采蘋(神をまつる乙女/祭祀を行う士大夫の妻)
乙女 仕事 祭祀 草摘み歌 先祖を祀る
水草を取りましょう、
あの南の谷川のふちで。
もぐさを取りましょう、
あの水たまりの中。
こんもりと積む、竹籠の上に。
そして煮上げる、あの鍋で。
そうして神前に供えましょう。
誰が祭るのか、つつましき乙女が。
○国風 召南 采蘋
神への供物として水草、もぐさは質素なものであるという。それを丁寧に採取し、丁寧に煮上げ、神へとささげる。
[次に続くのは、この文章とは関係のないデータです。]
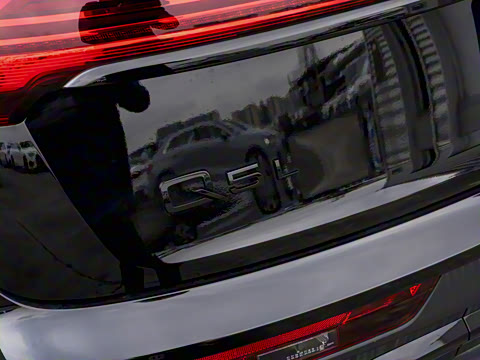 2025�� quattro 45�����ذ� 40 TFSI ʱ����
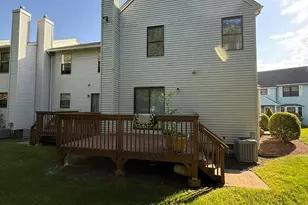 1701 Deerfield Dr, Edison, NJ 08820 - Photo 3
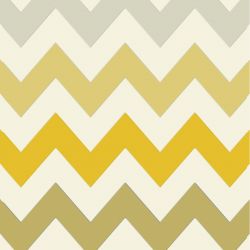 Tapis de salon - 140x200cm - Contemporain écru et moutarde CANVAS par Balta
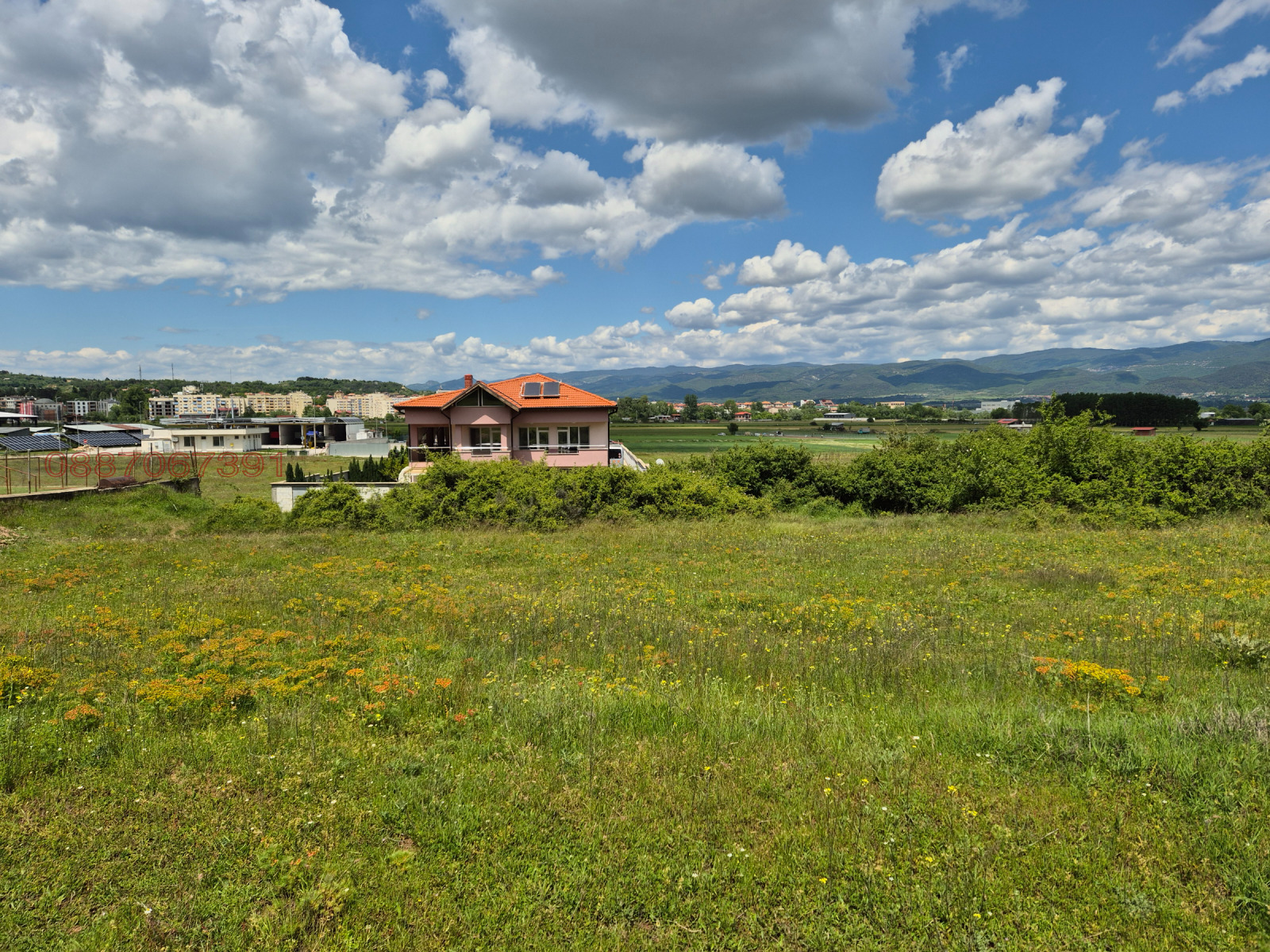 ������� ������ | Imot.bg � ����������� 10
ここで「季」という感じが「末っ子」といったような言葉で使われることが多いことを思えば、これらの仕事が幼い少女に課せられたものであったろうことが伺われる。もっとも「季女」という言葉そのもので「うるわしき女性」といった意味合いも込められておるようである。
○儒者センセー のたまわく
「大夫妻能循法度也。能循法度,則可以承先祖,共祭祀矣。」
これは士大夫の妻が神への祈りに専心しておることを言う! 妻がよく先祖をまつれば先祖の霊は一門を守ろう! この詩があらわすのは孝の徳の素晴らしさである!
○崔浩先生 やや疑問
(妻は生家よりの姓を改めぬのだが、その妻に別姓の先祖をまつらせるのはどうなのであろうな……?)
■蘋とか蘩とか
宋書2 劉裕中
可改構榱桷,修飾丹青,蘋蘩行潦,以時致薦。
采蘩の言うヨモギ、采蘋の言う水草。どちらもが水辺に植わっており、それを摘むのだ、としておる。
■妻は夫に従うもの
後漢書 84 曹世叔妻「作女誡」
臥之牀下,明其卑弱,主下人也。弄之瓦塼,明其習勞,主執勤也。齋告先君,明當主繼祭祀也。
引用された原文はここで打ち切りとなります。